**Data provided:**

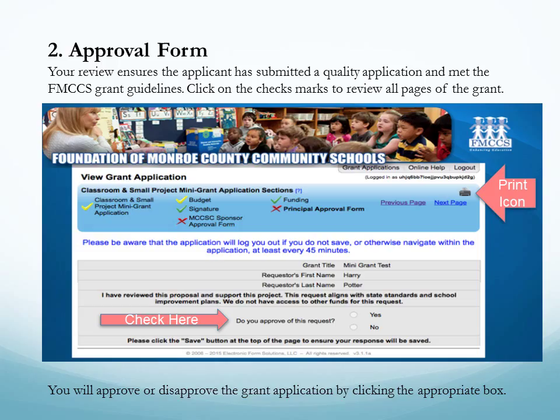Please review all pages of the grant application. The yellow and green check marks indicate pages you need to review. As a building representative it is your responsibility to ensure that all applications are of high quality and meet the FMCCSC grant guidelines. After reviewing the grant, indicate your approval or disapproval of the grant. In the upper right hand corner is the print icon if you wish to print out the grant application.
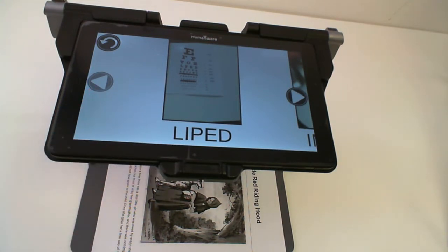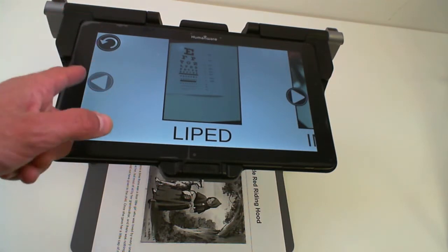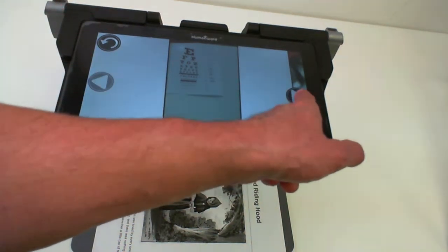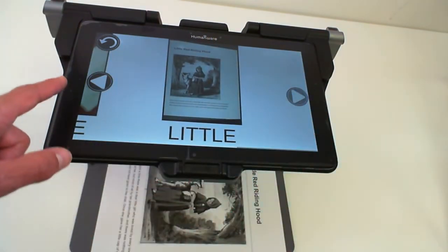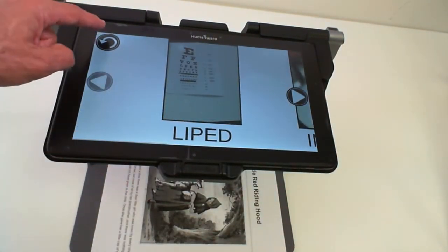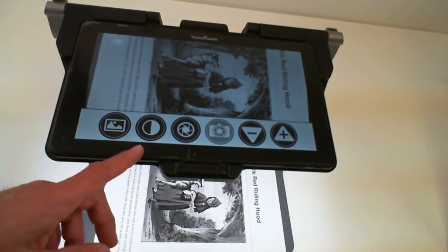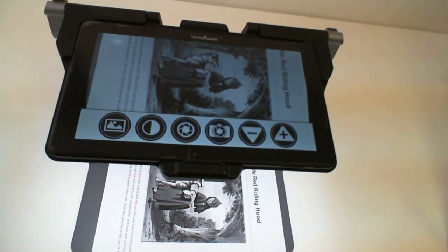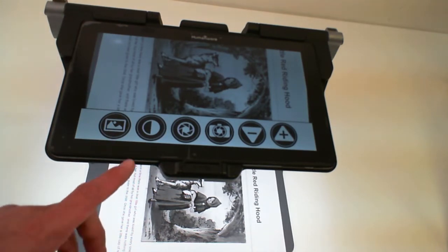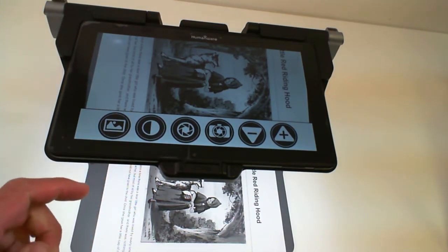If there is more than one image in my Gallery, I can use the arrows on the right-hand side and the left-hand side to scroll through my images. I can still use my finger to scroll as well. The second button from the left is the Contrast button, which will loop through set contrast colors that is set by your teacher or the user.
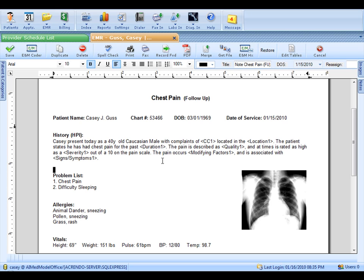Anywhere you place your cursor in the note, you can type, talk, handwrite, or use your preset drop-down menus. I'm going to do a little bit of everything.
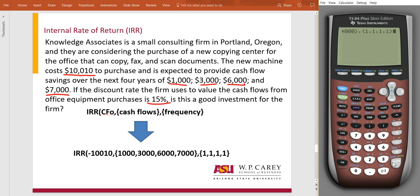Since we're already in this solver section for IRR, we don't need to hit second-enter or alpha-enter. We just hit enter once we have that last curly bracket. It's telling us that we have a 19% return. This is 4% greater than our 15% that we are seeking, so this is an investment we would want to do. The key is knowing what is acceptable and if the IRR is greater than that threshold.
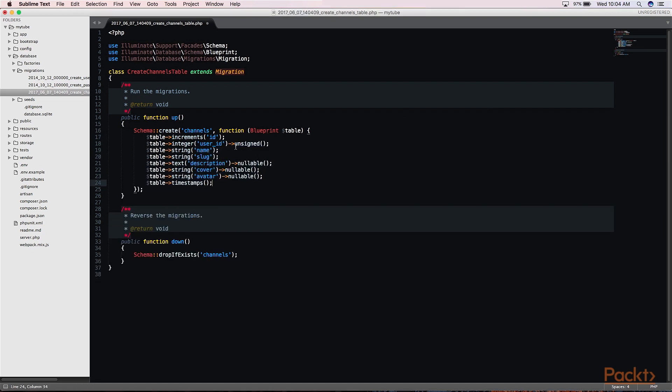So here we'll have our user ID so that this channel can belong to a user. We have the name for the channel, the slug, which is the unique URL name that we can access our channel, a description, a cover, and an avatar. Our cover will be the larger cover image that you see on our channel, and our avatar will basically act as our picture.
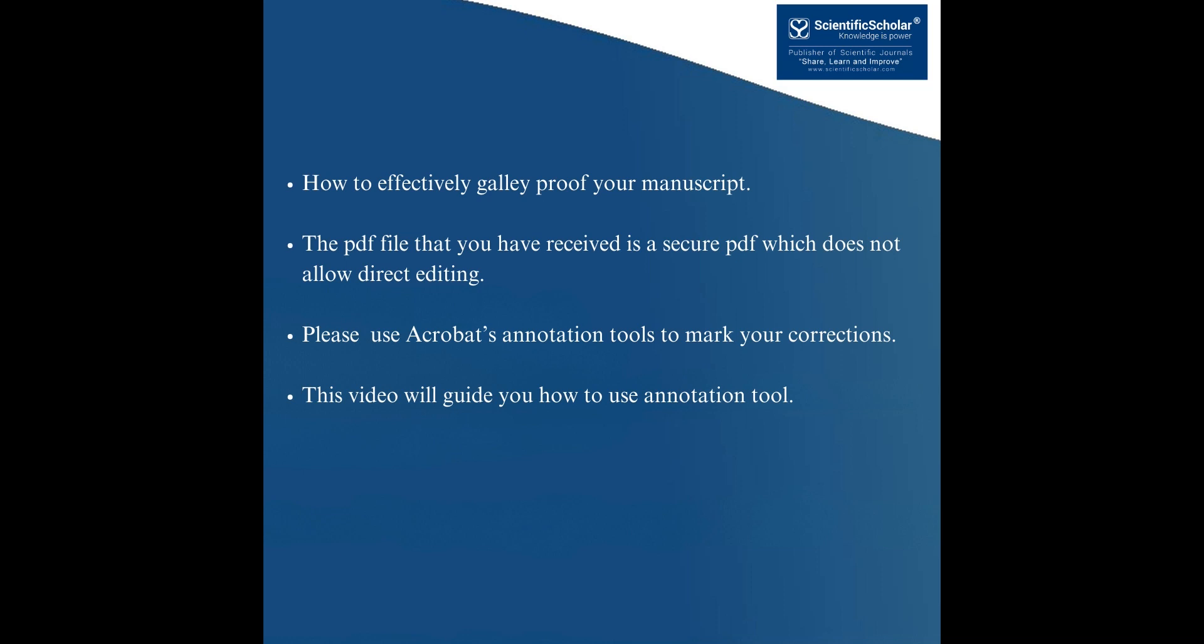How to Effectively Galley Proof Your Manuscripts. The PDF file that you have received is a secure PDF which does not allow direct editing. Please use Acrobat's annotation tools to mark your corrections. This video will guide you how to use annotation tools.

**Task description:**
The lines from the one containing "Since we're already" through the last line above are to be repeated exactly, and only those. Any pictures must be left out.

**Result of this task:**
Since we're already in this solver section for IRR, we don't need to hit second-enter or alpha-enter. We just hit enter once we have that last curly bracket. It's telling us that we have a 19% return. This is 4% greater than our 15% that we are seeking, so this is an investment we would want to do. The key is knowing what is acceptable and if the IRR is greater than that threshold.
So here we'll have our user ID so that this channel can belong to a user. We have the name for the channel, the slug, which is the unique URL name that we can access our channel, a description, a cover, and an avatar. Our cover will be the larger cover image that you see on our channel, and our avatar will basically act as our picture.
How to Effectively Galley Proof Your Manuscripts. The PDF file that you have received is a secure PDF which does not allow direct editing. Please use Acrobat's annotation tools to mark your corrections. This video will guide you how to use annotation tools.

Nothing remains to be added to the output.